Les merveilles qui nous ont littéralement scié en deux restent rattachées à la pierre et à la religion: il s'agit de temples. Les premiers qui retiennent notre hébétude sont des temples creusés à même le roc, soit un peu comme des grottes ou encore complètement sculptés, se détachant de la montagne.
Elephant Island est à une heure de bateau dans la baie de Mumbai. Sur cette île se dresse un sanctuaire creusé dictement dans la pierre: un très joli temple dédié à Shiva, creusé entre 450 et 750. Le lieu fait partie maintenant du patrimoine mondial de l'UNESCO. Au fond du temple est sculpté en relief une triple tête de la divinité qui mesure cinq mètres de haut. Nous étions plutôt impressionnés par ce travail de troglodyte, mais ça n'était que pour mieux tomber de notre chaise deux jours plus tard.
Nasik, à une centaine de kilomètres au nord-est de Mumbai, nous a offert une autre belle surprise. À quelques kilomètres du centre ville, se dresse une colline qui abrite les 24 grottes bouddhiques de Pandav Leni. On grimpe pendant une vingtaine de minutes la colline sur un chemin boisé qui m'a donné mes premières photos d'oiseaux. Les grottes présentent toutes une entrée cernée de colonnes, l'intérieur des temples est parfois très vaste et cache, au fond, une statue de Bouddha assis, impassible. Les moines qui ont creusé et taillé ces grottes/temples se sont évertués entre le premier siècle avant JC et le deuxième après. Fascinant!
Un peu plus loin, à Aurengabad plus précisément, nous avons été jetés par terre devant les merveilleuses grottes d'Ellora. On accède à la petite ville après une promenade de 30 kilomètres dans la campagne indienne. Le site est vaste, les 34 grottes s'étendent sur deux kilomètres et sont divisées en trois zones distinctes: 12 grottes bouddhiques réalisées entre 600 et 800, 17 grottes hindoues creusées entre 600 et 900 et enfin cinq temples jaïnes creusés entre 800 et 1000. Nous retenons surtout les dernières avec les détails extraordinaires dans les sculptures de reliefs et la finesses des détails architecturaux. Ce qu'il y a se saisissant est qu'une grande partie de ce temple n'est pas creusé, mais bien excavé, c'est-à-dire qu'on a fait sortir de la masse de roc un bâtiment relativement petit (environ cinq mètres de côté sur huit de haut) avec toit et plafond. Mais ce qui confère au site son titre de patrimoine mondial de l'humanité est sans contredit le temple #16 (le temple de Kailasa), dédié encore à Shiva. L'ampleur est égale à deux fois celle du Parthénon d'Athène, c'est tout dire. Il s'agit en fait du plus grand ensemble creusé architectural monolithique de la planète. Combien de centaines de tonnes de pierre ont été enlevées pour ce seul temple par les 7000 ouvriers sur 150 ans de travaux exténuant? Ce temple fait deux étages, est complètement dégagé de sa gangue de pierre, est entouré d'une cour d'au moins quinze mètres tout le tour de la "construction" et, sous la paroi rocheuse qui entoure cette cour sont creusées des galeries énormes avec une colonnade imposante. L'extérieur est rempli de sculptures, si haut que l'on puisse voir. Difficile à décrire et encore plus à imaginer probablement. Une petite recherche Google de votre part en vaudrait sûrement la peine. Le crémage sur le gâteau était ces deux beaux perroquets vert et bleu perchés à travers les représentations de Shiva, tout là-haut.

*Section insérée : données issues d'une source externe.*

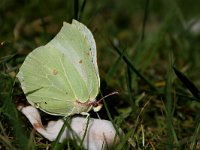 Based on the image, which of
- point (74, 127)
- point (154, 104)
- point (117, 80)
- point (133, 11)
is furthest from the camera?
point (133, 11)

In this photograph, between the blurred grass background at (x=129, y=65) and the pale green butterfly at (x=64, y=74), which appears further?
the pale green butterfly at (x=64, y=74)

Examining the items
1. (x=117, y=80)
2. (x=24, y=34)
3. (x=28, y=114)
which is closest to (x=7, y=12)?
(x=24, y=34)

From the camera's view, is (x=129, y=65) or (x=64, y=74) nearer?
(x=64, y=74)

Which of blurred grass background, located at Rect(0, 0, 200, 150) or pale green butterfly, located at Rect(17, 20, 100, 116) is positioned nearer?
blurred grass background, located at Rect(0, 0, 200, 150)

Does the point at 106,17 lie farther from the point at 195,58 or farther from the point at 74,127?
the point at 74,127
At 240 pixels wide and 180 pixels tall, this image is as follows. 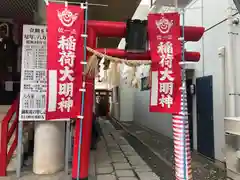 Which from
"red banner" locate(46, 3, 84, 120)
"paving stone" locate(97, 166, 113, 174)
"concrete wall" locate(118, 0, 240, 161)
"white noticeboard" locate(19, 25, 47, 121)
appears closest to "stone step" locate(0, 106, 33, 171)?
"white noticeboard" locate(19, 25, 47, 121)

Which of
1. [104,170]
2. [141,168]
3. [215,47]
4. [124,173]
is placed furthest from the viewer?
[215,47]

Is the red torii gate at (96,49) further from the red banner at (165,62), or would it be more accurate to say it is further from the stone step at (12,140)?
the stone step at (12,140)

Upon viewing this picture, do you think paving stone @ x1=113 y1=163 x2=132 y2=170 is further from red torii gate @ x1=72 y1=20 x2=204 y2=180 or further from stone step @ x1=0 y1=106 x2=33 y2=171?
stone step @ x1=0 y1=106 x2=33 y2=171

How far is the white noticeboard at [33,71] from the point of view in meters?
4.08

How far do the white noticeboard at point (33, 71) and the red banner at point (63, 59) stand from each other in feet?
4.70

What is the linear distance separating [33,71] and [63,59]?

Plus loin dans notre voyage, nous sommes arrivés à Hassan cette ville est en soi assez ordinaire, mais c'est une bonne base pour les visites de trois sites exceptionnels. À 38 kilomètres au nord se trouve Belur, une petite ville où se cache le temple de Channakeshava, construit en 1116, joyau de l'architecture ancienne hindoue. À l'extérieur, le temple est rempli à ras bord de milliers de sculptures des dieux hindouïstes avec des détails inimaginables ciselés dans cette pierre grise ou beige.
À 14 kilomètres de là, à Halebid plus précisément, se dresse un autre temple du même style, aussi saisissant que le premier. Il s'agit du temple de Hoysaleswara construit en 1121.

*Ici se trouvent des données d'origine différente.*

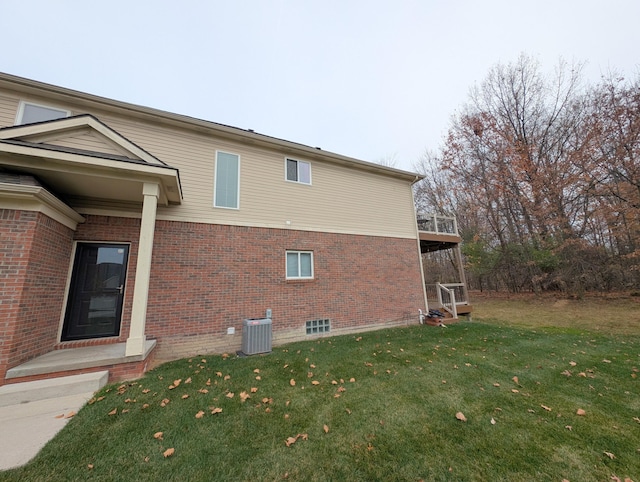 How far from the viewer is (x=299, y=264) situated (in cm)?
771

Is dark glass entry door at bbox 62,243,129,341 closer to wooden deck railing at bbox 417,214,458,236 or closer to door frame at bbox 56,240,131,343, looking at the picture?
door frame at bbox 56,240,131,343

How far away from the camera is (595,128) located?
14414 millimetres

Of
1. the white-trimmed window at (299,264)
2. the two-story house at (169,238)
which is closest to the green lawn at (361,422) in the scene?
the two-story house at (169,238)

Pour terminer cette journée de découverte, nous sommes redescendu vers le sud, avons passé Hassan et à 42 kilomètres est apparu le Vindhyagiri Hill au pied duquel se love de village de Sravanabelagola. Sur cette colline de pierre lisse, quelqu'un a pensé, autour de l'an 1000, à sculpter un monolithe de 17,5 mètres de haut (la plus grosse statue monolithique au monde) autour de laquelle on a érigé un temple des plus intéressant. Cette statue personnifie un homme, mastodonte nu représentant la divinité jaïne Gomatedhara. Cette religion est presque éteinte, si on peut s'exprimer ainsi. Justement, à notre arrivée au dit temple, une cérémonie religieuse était en cours aux pieds du géant de pierre et le jeune prêtre officiant nous a oint la main et tracé un point jaune entre les yeux. Sympa comme tout! Pour accéder au temple, il faut gravir les 634 marches taillées directement dans le roc. La vue est splendide au faîte de la colline. Ce qui est le plus flyé est qu'il faut faire toute la visite sans chaussures, heureusement les chaussettes sont tolérées. Avant notre ascension, comme il était passé midi et que nous cherchions un restaurant, un type assez âgé nous a amené à une maison qui était en fait la sienne où son épouse nous a cuisiné un excellent repas pour presque rien.
L'archéologie nous a toujours fascinée de même que l'architecture. Ici nous sommes servis. En seux semaines de route, nous avons visité des splendeurs historiques uniques. Et nous continuons notre descente vers le sud, telles des pierres qui n'amassent vraiment pas de mousse, pas le temps!